Fiction blends into our life. The imaginary is in fact
actual.”
Stories are a wonderful thing! You can lose yourselves
in them, assume a different form or personality – and yet, in
every fairy tale there is a grain of truth.
Finnish photo artist Susanna Majuri
(*1978) is the storyteller of the North. In her pictures, her
thoughts always return to Iceland, the land of her dreams. The
wondrous island with its glaciers, waterfalls and geysers has
long held her in its thrall. She takes inspiration for her
work from the land of legends, fables, stories and music,
weaving together her impressions to create picture galleries
that tell of her own life and emotions.
Majuri portrays people living not only in Iceland, but
also in Denmark, Norway and Sweden, because to her mind,
there’s a little bit of Iceland in every Nordic country. She
finds the common features of the landscapes just as
captivating as the diversity of tongues spoken in the various
countries. Her works therefore bear titles in different
languages, as a way of opening up various ways of accessing
the images. One might even say that Majuri illustrates stories
as if they were images that form a common language shared by
all the Nordic countries.
Naturally, her pictures are pure fiction, just as
people like to make up stories about their lives. But one
sometimes has the impression of encountering there figures
from the fairy tales of the Brothers Grimm, from Hans
Christian Andersen or Selma Lagerlof.
The
photographs resemble film stills lifted from the movie version
of a fairy tale, or perhaps from a thriller, or a romance
without a happy end. The many associations evoked demonstrate
the enormous narrative potential that hallmarks her work,
which is joined by a finely honed sense of composition and
staging.
In
her photographs set outside the water, Majuri creates
panoramas that convey the state of mind and feelings of her
figures, even though she never shows us their faces. Their
mysterious behaviour seems to lend the landscape a deep
emotional resonance. Water then either adds a protective and
inviting quality, or it can seem to menace the figures or
swallow them up.
For
her latest works, Majuri produced wax fabric printed with
motifs, in widths up to six meters, which she lowers to the
bottom of a swimming pool. Her models dive down into the
water, with Majuri acting as director. In these scenarios
she’s not interested as much in the backdrops as in the secret
stories her girls carry within them.

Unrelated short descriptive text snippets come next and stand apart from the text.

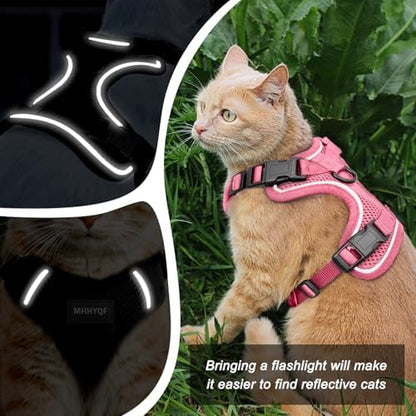 Cat Harness and Leash Set for Walking Escape Proof, Improved Four Place - Image 3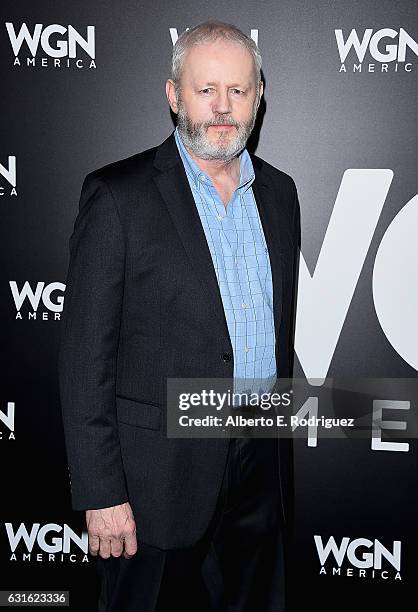 Actor David Morse attends the photo call for WGN America's 'Underground' and 'Outsiders' at The Langham Hotel on January 13, 2017 in Pasadena,...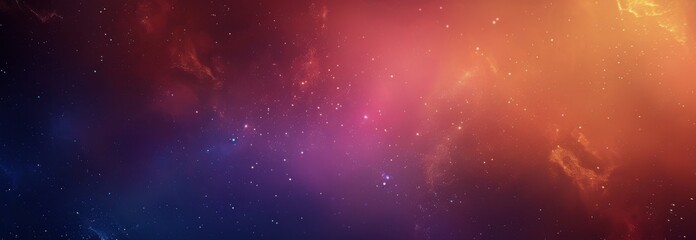 Multicolored Background of Clouds and Stars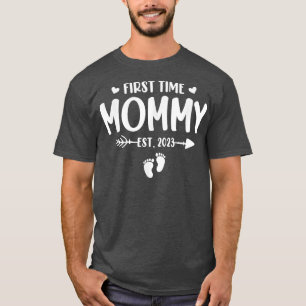 Camiseta Primeira Vez Que A Mamãe De 2023 Logo Será Mãe Sex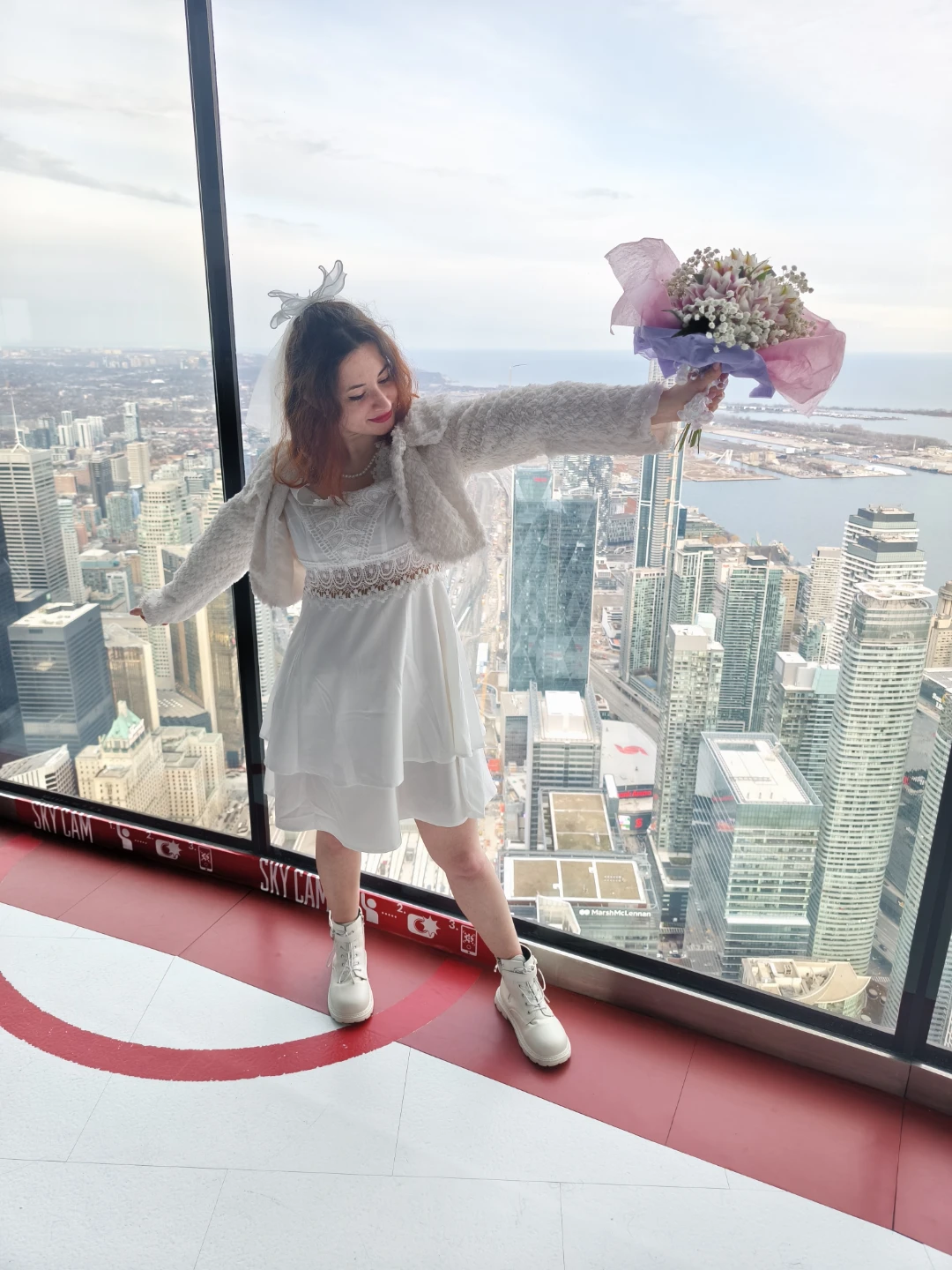 Summer White Dress + veil + pearls crown - photo 2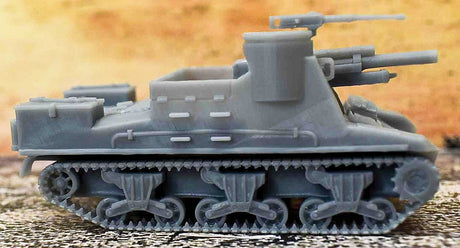 M7 Priest Self Propelled Gun -- Unpainted 3-D Print-1
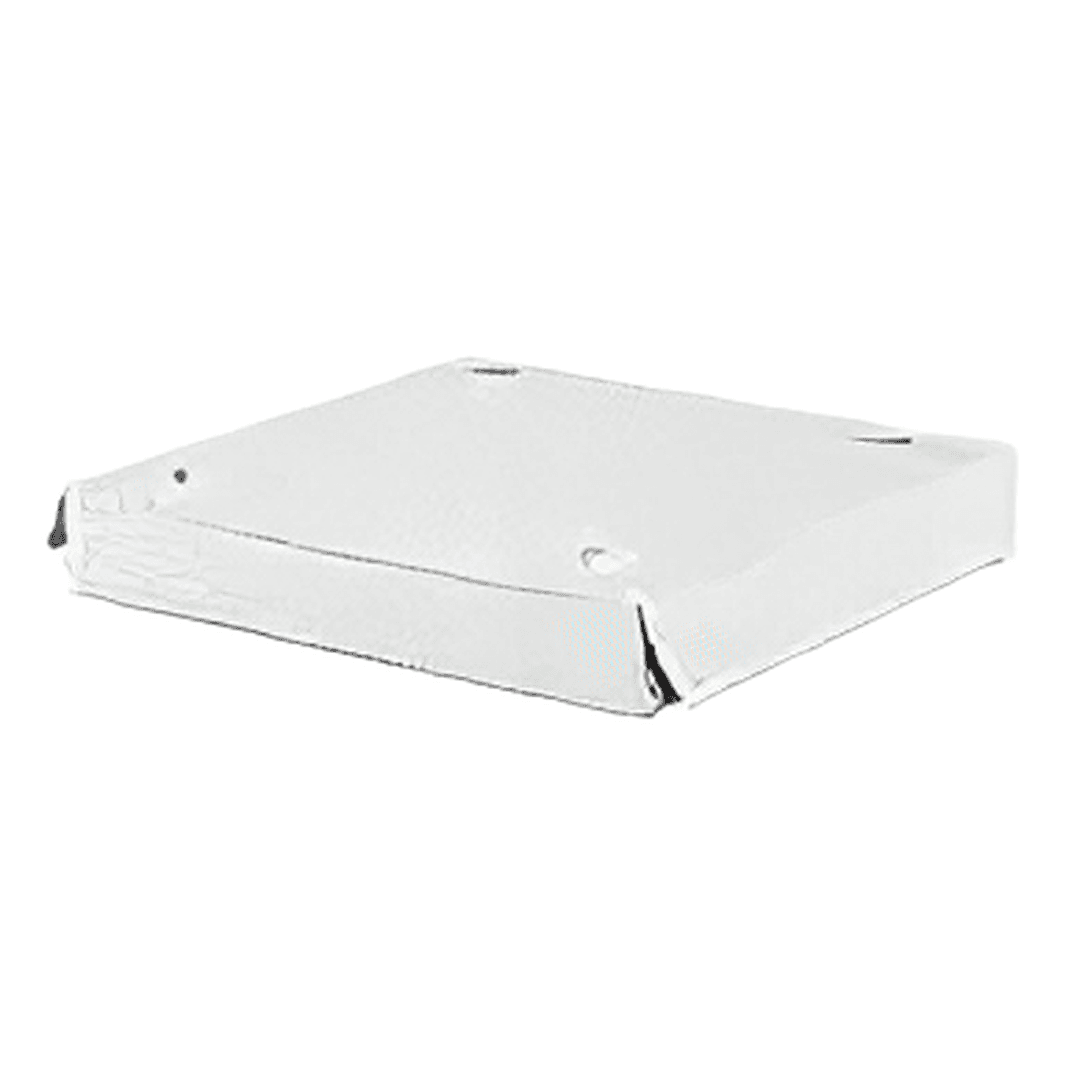 Pizza Box 10X10X1.5 IN White Corner Lock 100/Bundle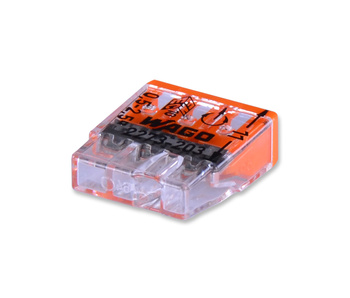 Złączka WAGO 3x2,5 pomarańczowa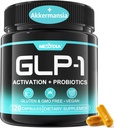 GLP-1 Supplement with Akkermansia Probiyotiks, Prebiyotiks Fiber, Berberine, Green Tea Extract, Ceylon Cinnamon, Turmeric, Cayenne Pepper - Support GLP-1 Natural, Gut, Energy, Men Women - 120 Capsules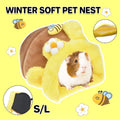 Wear-resistant Pet Bird Nest Cotton Padded Small Animal Bed Cozy Honeypot Design - S V528-PET-HOUSE-S-867789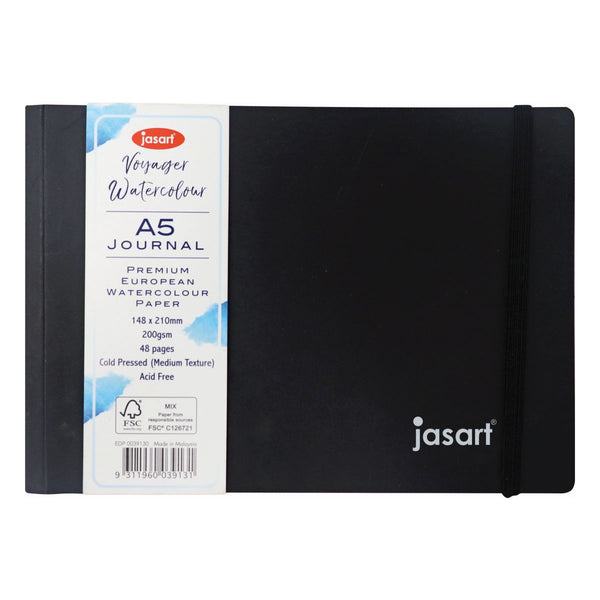 Jasart Voyager Watercolour Journal 200gsm A5L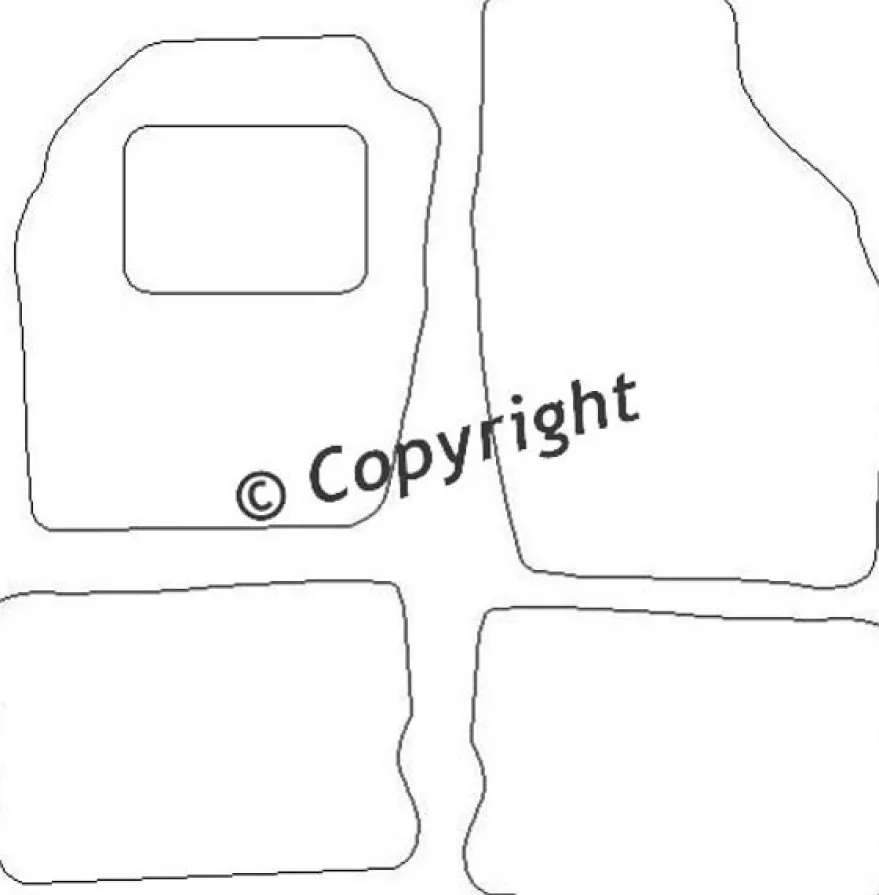 Textilmattor H-line Opel Agila A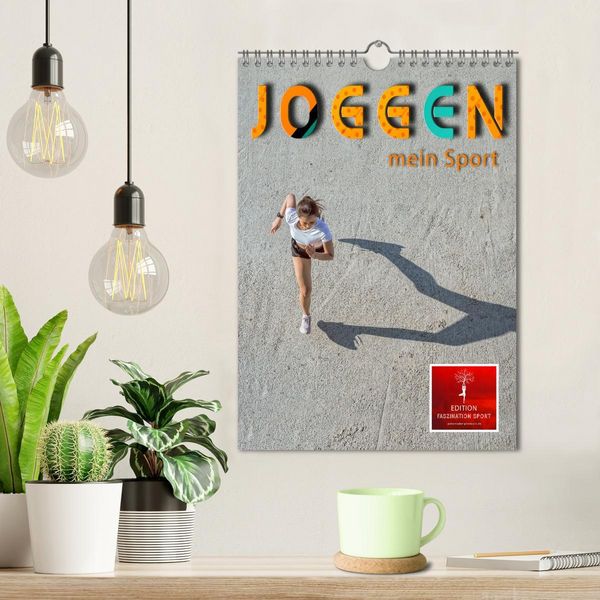 Produktbild: Joggen - mein Sport (Wandkalender 2026 DIN A4 hoch), CALVENDO Monatskalender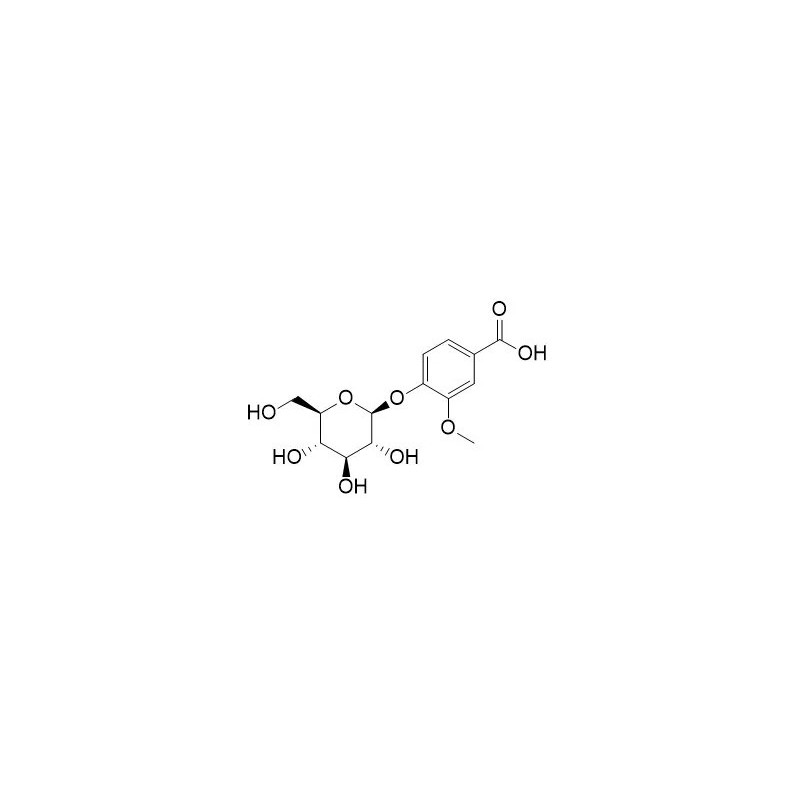 Structure of 32142-31-7 | Vanillic acid glucoside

She reveals in her
photographs the whole spectrum of what it means to be a girl,
from sister to girlfriend and then onward to becoming a lover,
usually portraying her figures at the moment they discover
their own bodies. The protagonists always play a dual role –
they are heroines of the story but also the objects of sexual
desire. The models are scantily dressed and often appear
unconscious, or perhaps even dead and drifting. The dark
currents of the sea wash around them, or they are enveloped by
the crystalline transparency of a swimming pool. Water also
becomes a pla ce of danger here, where the protagonists lose
their earthly gravity and are robbed of the air to breathe.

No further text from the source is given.